我正在尝试使用 Python、tor 和 privoxy 运行 Scrapy。我在 https://github.com/khpeek/privoxy-tor-scraper使用 khpeek/privoxy-tor-scraper 的刮板。这是我的目录结构:
- docker-compose.yml
- privoxy
- config
- Dockerfile
- scraper
- Dockerfile
- newnym.py
- requirements.txt
- tor
- Dockerfile
我正在尝试运行以下docker-compose.yml:
version: '3'
services:
privoxy:
build: ./privoxy
ports:
- "8118:8118"
links:
- tor
tor:
build:
context: ./tor
args:
password: "1234"
ports:
- "9050:9050"
- "9051:9051"
scraper:
build: ./scraper
links:
- tor
- privoxy
Tor的Dockerfile在哪里:
FROM alpine:3.7
EXPOSE 9050 9051
ARG password
RUN apk --update add tor
RUN echo "ControlPort 9051" >> /etc/tor/torrc
RUN echo "CookieAuthentication 1" >> /etc/tor/torrc
RUN echo "HashedControlPassword $(tor --quiet --hash-password $password)" >> /etc/tor/torrc
CMD ["tor"]
privoxy的帽子是:
FROM alpine:latest
EXPOSE 8118
RUN apk --update add privoxy
COPY config /etc/privoxy/
#CMD ["privoxy", "--no-daemon"]
CMD ["privoxy", "--no-daemon", "/etc/privoxy/config"]
其中config由两行组成:
listen-address 0.0.0.0:8118
forward-socks5 / tor:9050 .
刮板的Dockerfile是:
FROM python:3.6-alpine
ADD . /scraper
WORKDIR /scraper
RUN pip install --upgrade pip
RUN pip install -r requirements.txt
CMD ["python", "newnym.py"]
其中requirements.txt包含单行requests。最后,newnym.py程序旨在简单地测试使用 Tor 更改 IP 地址是否有效:
from time import sleep, time
import requests as req
import telnetlib
def get_ip():
IPECHO_ENDPOINT = 'http://ipecho.net/plain'
HTTP_PROXY = 'http://privoxy:8118'
return req.get(IPECHO_ENDPOINT, proxies={'http': HTTP_PROXY}).text
def request_ip_change():
#tn = telnetlib.Telnet('privoxy',8118)
tn = telnetlib.Telnet('tor',9051)
tn.read_until("Escape character is '^]'.", 2)
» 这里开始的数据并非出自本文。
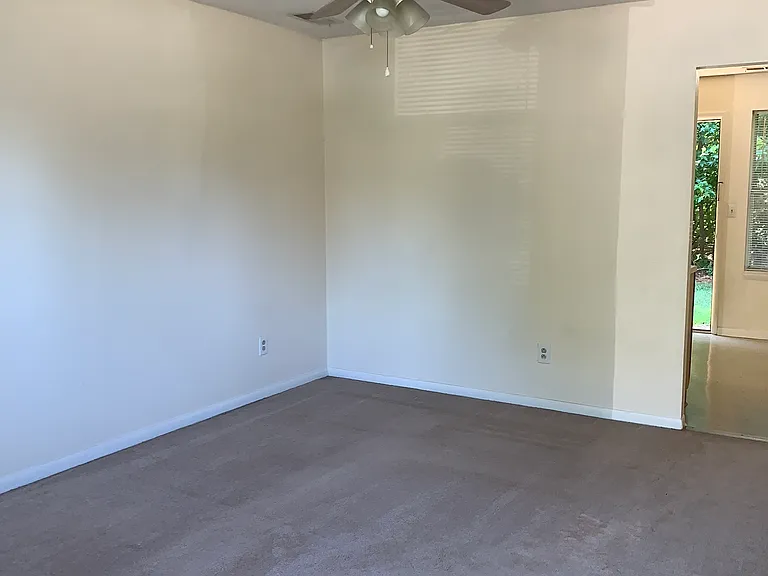 302 Greenwood Dr #302 — Photo 5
tn.write('AUTHENTICATE ""\r\n')
tn.read_until("250 OK", 2)
tn.write("signal NEWNYM\r\n")
tn.read_until("250 OK", 2)
if __name__ == '__main__':
dts = []
#isOpen('tor',9051)
#isOpen('privoxy',8118)
try:
while True:
ip = get_ip()
t0 = time()
request_ip_change()
while True:
new_ip = get_ip()
if new_ip == ip:
sleep(1)
else:
break
dt = time() - t0
dts.append(dt)
print("{} -> {} in ~{}s".format(ip, new_ip, int(dt)))
except KeyboardInterrupt:
print("Stopping...")
print("Average: {}".format(sum(dts) / len(dts)))
docker -compose构建成功,但如果我尝试docker-compose up,我会收到以下错误消息:
scraper_1_651fd6690a2d | Traceback (most recent call last):
scraper_1_651fd6690a2d | File "newnym.py", line 45, in <module>
scraper_1_651fd6690a2d | request_ip_change()
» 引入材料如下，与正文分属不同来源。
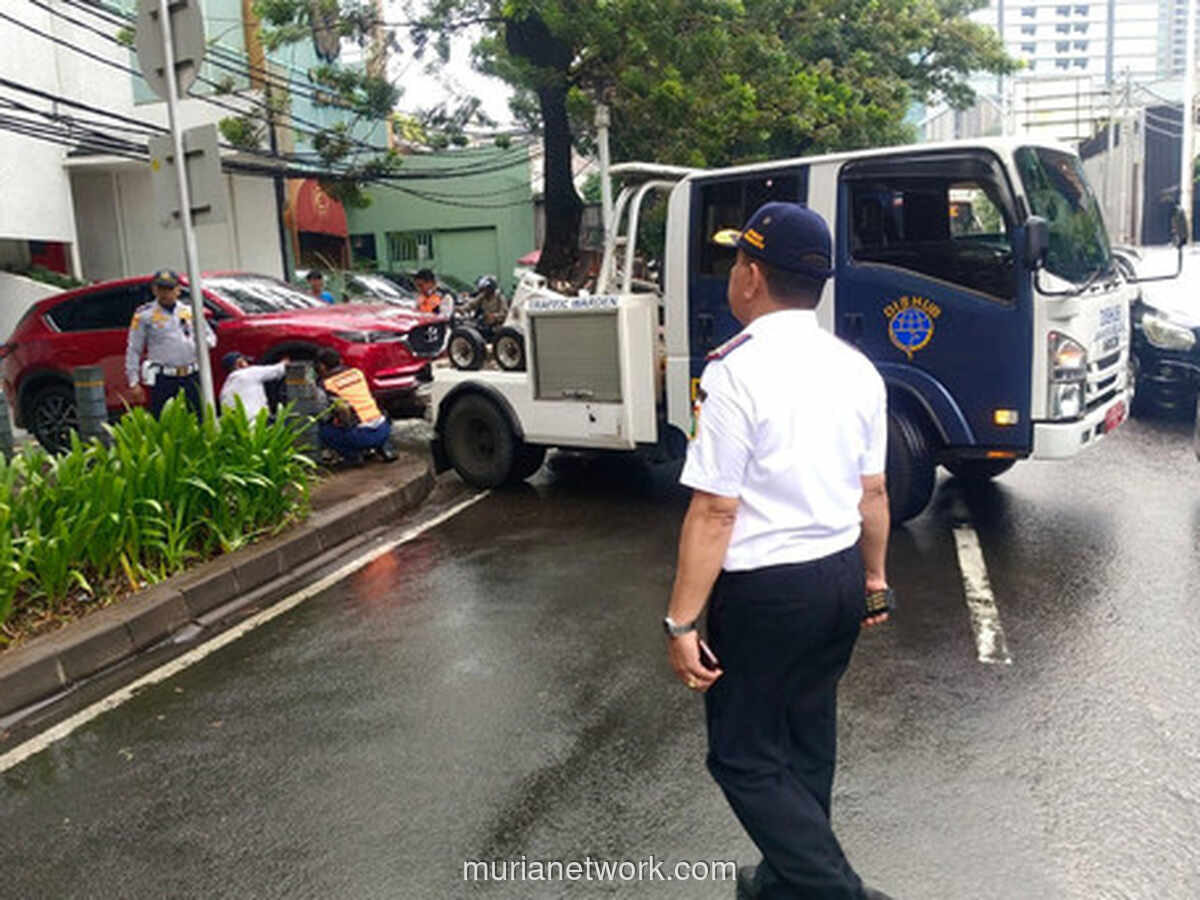 Sudut Pandang: Penertiban Parkir Liar di Jalan Senopati dan Gunawarman, Sudin Hubung Jaksel Derek Mobil Mewah hingga Cabut Pentil Motor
scraper_1_651fd6690a2d | File "newnym.py", line 27, in request_ip_change
scraper_1_651fd6690a2d | tn = telnetlib.Telnet('tor',9051)
scraper_1_651fd6690a2d | File "/usr/local/lib/python3.6/telnetlib.py", line 218, in __init__
scraper_1_651fd6690a2d | self.open(host, port, timeout)
scraper_1_651fd6690a2d | File "/usr/local/lib/python3.6/telnetlib.py", line 234, in open
scraper_1_651fd6690a2d | self.sock = socket.create_connection((host, port), timeout)
scraper_1_651fd6690a2d | File "/usr/local/lib/python3.6/socket.py", line 724, in create_connection
scraper_1_651fd6690a2d | raise err
scraper_1_651fd6690a2d | File "/usr/local/lib/python3.6/socket.py", line 713, in create_connection
scraper_1_651fd6690a2d | sock.connect(sa)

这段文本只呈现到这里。